▶ **Work to complete**: Write out all of the data again, precisely as it appears.
BEGIN Data shown
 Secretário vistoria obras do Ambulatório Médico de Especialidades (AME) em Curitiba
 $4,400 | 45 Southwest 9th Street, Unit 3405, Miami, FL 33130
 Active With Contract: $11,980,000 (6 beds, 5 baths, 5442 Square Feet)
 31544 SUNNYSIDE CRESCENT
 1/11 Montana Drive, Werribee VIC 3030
END Data shown
▶ **Task solution**:
 Secretário vistoria obras do Ambulatório Médico de Especialidades (AME) em Curitiba
 $4,400 | 45 Southwest 9th Street, Unit 3405, Miami, FL 33130
 Active With Contract: $11,980,000 (6 beds, 5 baths, 5442 Square Feet)
 31544 SUNNYSIDE CRESCENT
 1/11 Montana Drive, Werribee VIC 3030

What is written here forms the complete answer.